The Labour Court stated that throughout, UPS Ireland “displayed levels of leniency and patience in what were very sensitive and difficult matters”.
The Labour Court found that UPS came to the conclusion that the matters could not and would not be let lie by Ms Kiss was an understandable conclusion on their part.
The Labour Court found that “it is clear that the dismissal was essentially a last-straw and reluctant action within a very unfortunate set of events and circumstances”.
On behalf of UPS Ireland, Conor O’Gorman of IBEC told the Labour Court that the dismissal resulted wholly from Ms Kiss’s own conduct and submitted that her dismissal was both substantively and procedurally fair.

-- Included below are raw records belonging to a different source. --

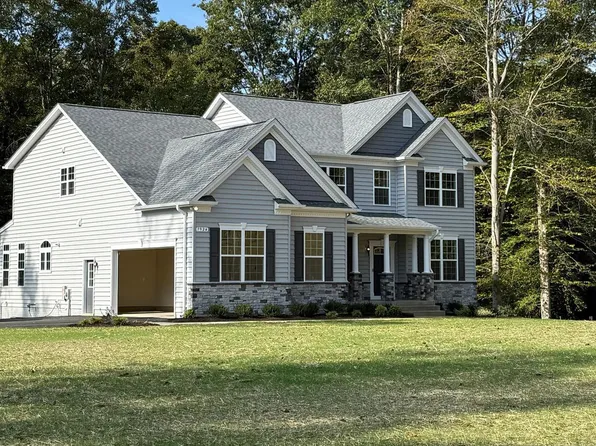 7924 William Smallwood Ct, La Plata, MD 20646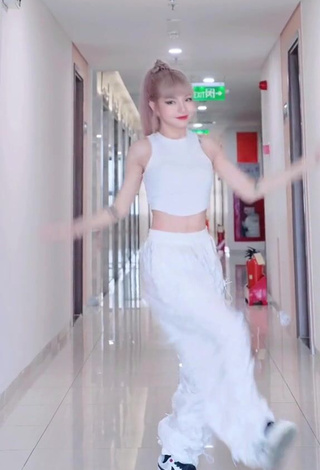 2. Wonderful Bùi Thảo Ly in White Crop Top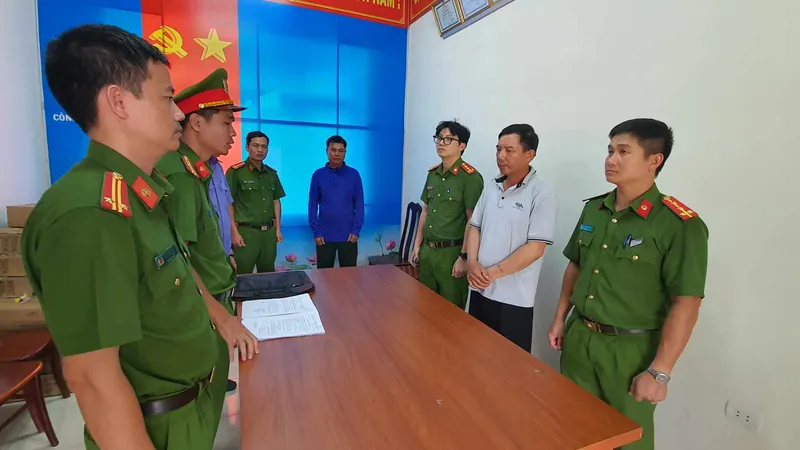 Bắt nguyên Chủ tịch UBND xã Ea Huar lấy đất công phân lô, giao đất sai đối tượng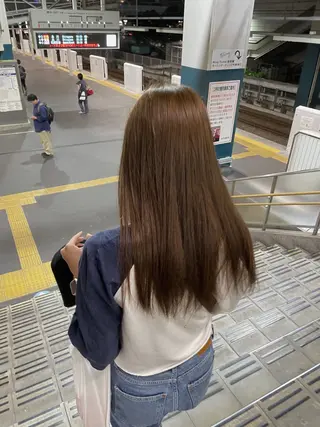 カラー MOEKA🌺レディ ースカットモデルのヘアスタイル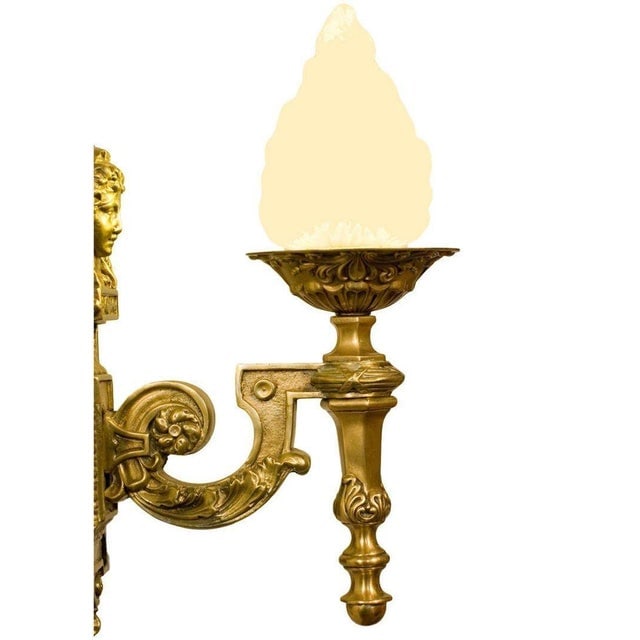 1970s Art Deco Liberty Figural Bronze Entry Sconce With Sunburst Motif - 3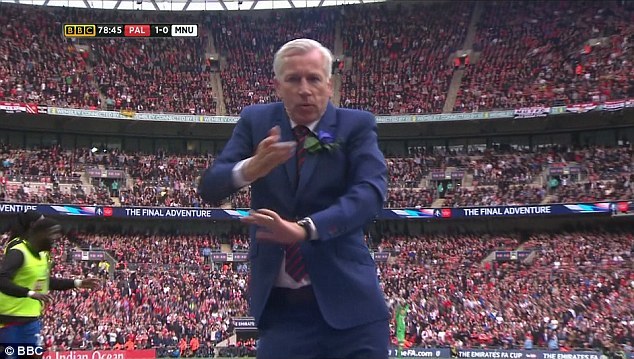 Xem vũ điệu của HLV Alan Pardew tại Wembley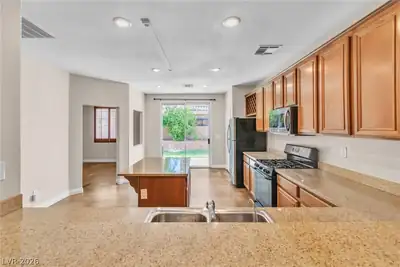 659 Quayside Court, Las Vegas, NV 89178 Kitchen
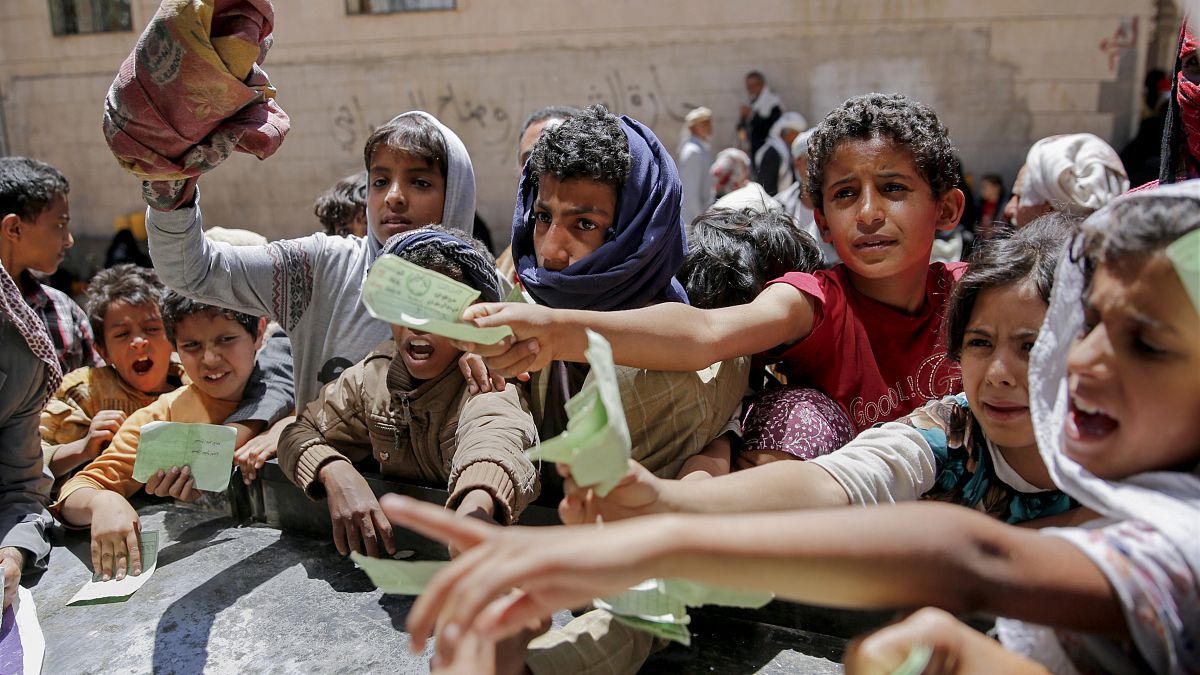 Распределение помощи - Сана, Йемен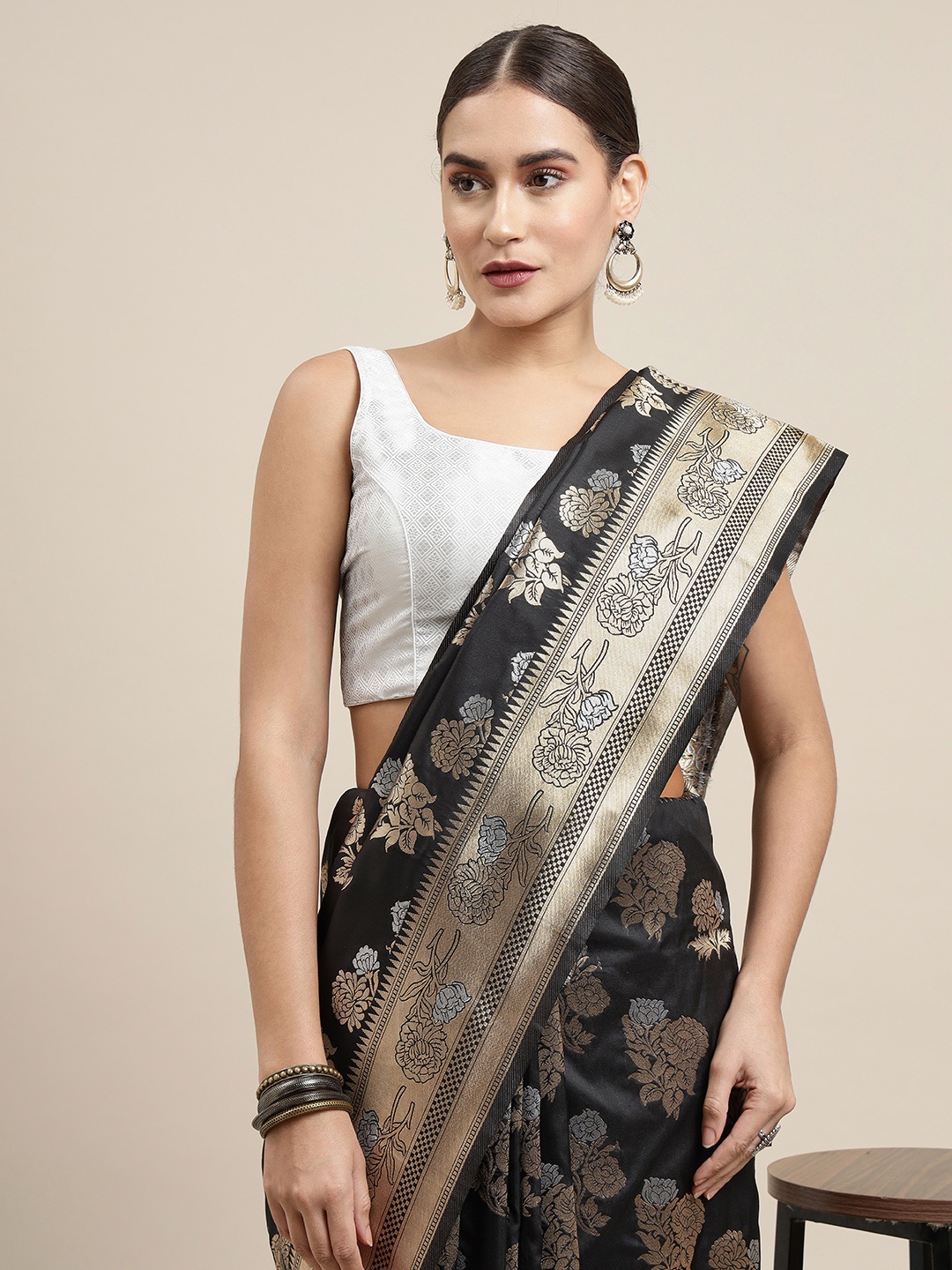 

Royal Rajgharana Saree Black & Golden Floral Woven Design Banarasi Sarees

Mr O’Gorman stated that it was clear that Ms Kiss had feelings for Mr X and was unsure if he felt the same.
She explained how she approached Mr X in June 2016 and Mr X responded by saying he had a girlfriend.
Mr O’Gorman stated that the language used by Ms Kiss in her subsequent emails to Mr X was highly inappropriate and so extreme that no employee, under any circumstances, should be expected to tolerate it.
Mr O’Gorman stated that the emails from Ms Kiss to Mr X constituted bullying.

Mr O’Gorman stated that Ms Kiss wrote in emails to Mr X :
“you might fool certain people... by playing the victim”, “sometimes I think you are pure evil”, “if I wanted to take revenge on you for ruining my life I would have done that a long time ago”, “The way you couldn’t hide your attraction to me was really sweet and you can never take that away from me, so I do want to thank you for that.”
Mr O’Gorman stated that Ms Kiss expressed no remorse for her actions or regret for having sent the emails
However, in response, Ms Kiss told the Labour Court that her dismissal “was entirely disproportionate and unfair”.